◆ **RECORDS PROVIDED**:
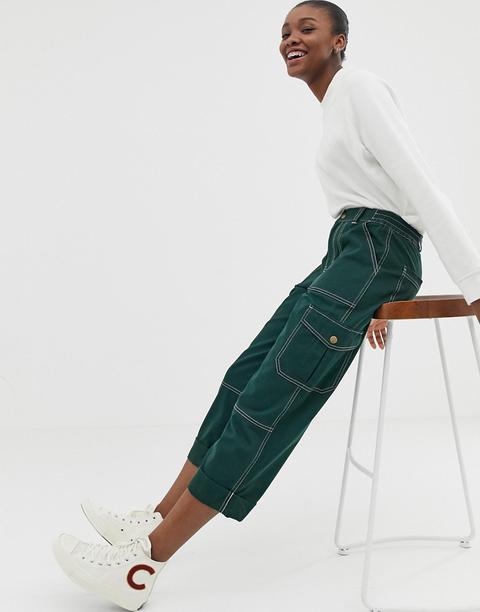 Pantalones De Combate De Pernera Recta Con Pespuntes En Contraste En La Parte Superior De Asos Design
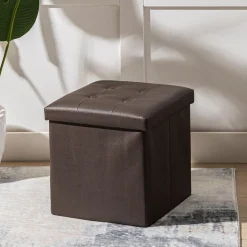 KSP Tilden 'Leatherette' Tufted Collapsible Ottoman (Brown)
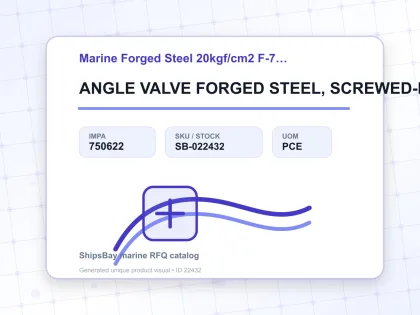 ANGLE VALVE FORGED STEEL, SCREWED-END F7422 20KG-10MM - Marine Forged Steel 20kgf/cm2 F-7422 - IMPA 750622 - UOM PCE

---

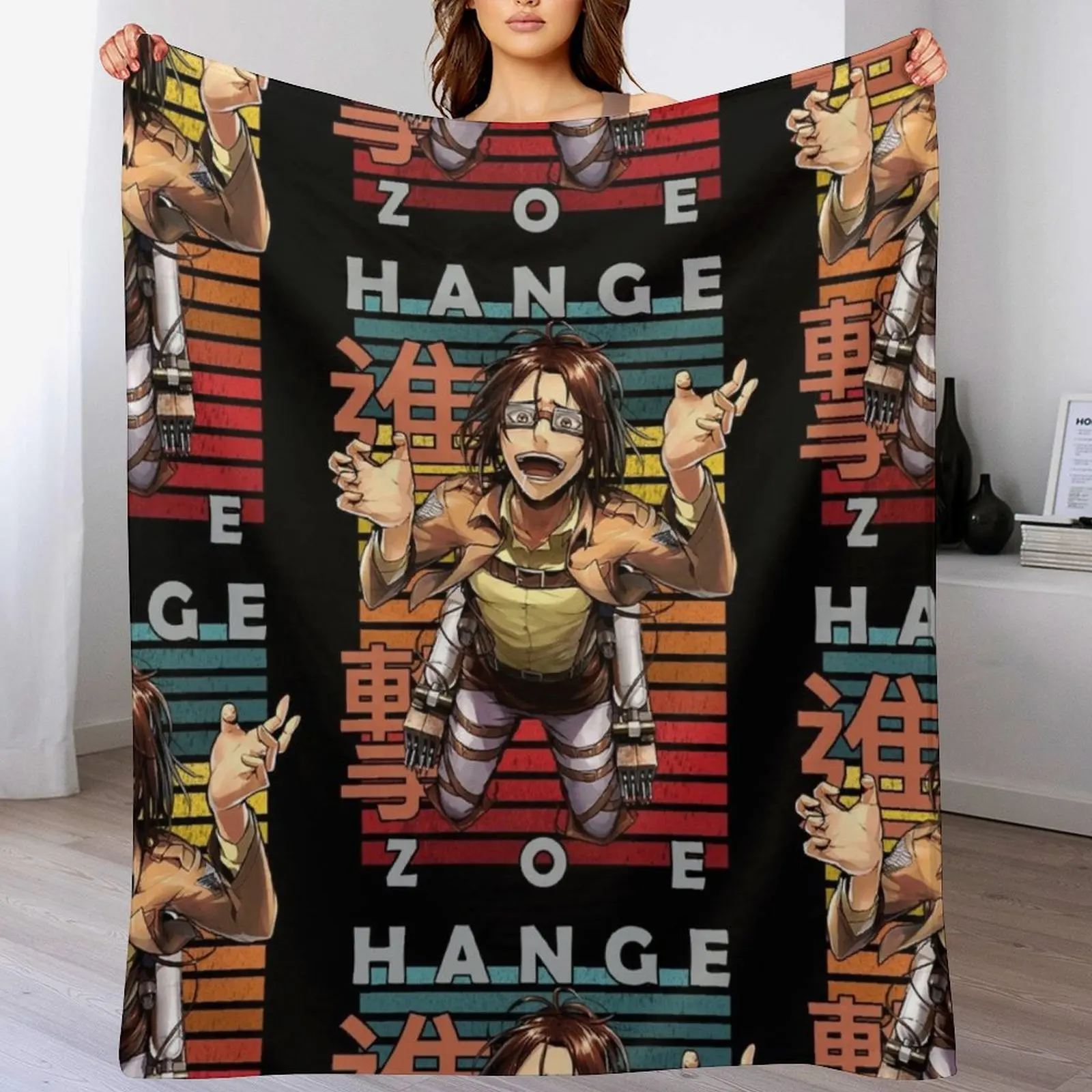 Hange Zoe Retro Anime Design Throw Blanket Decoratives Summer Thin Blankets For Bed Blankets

==

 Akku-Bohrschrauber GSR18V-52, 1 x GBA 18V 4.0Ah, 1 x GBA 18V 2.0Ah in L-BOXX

◆ **YOUR INSTRUCTIONS**:
Starting with the line that contains "Pantalones De Combate" and finishing with the line that contains "ANGLE VALVE FORGED", reproduce every line of the material above exactly, but not the pictures.

◆ **EXERCISE RESPONSE**:
 Pantalones De Combate De Pernera Recta Con Pespuntes En Contraste En La Parte Superior De Asos Design
 KSP Tilden 'Leatherette' Tufted Collapsible Ottoman (Brown)
 ANGLE VALVE FORGED STEEL, SCREWED-END F7422 20KG-10MM - Marine Forged Steel 20kgf/cm2 F-7422 - IMPA 750622 - UOM PCE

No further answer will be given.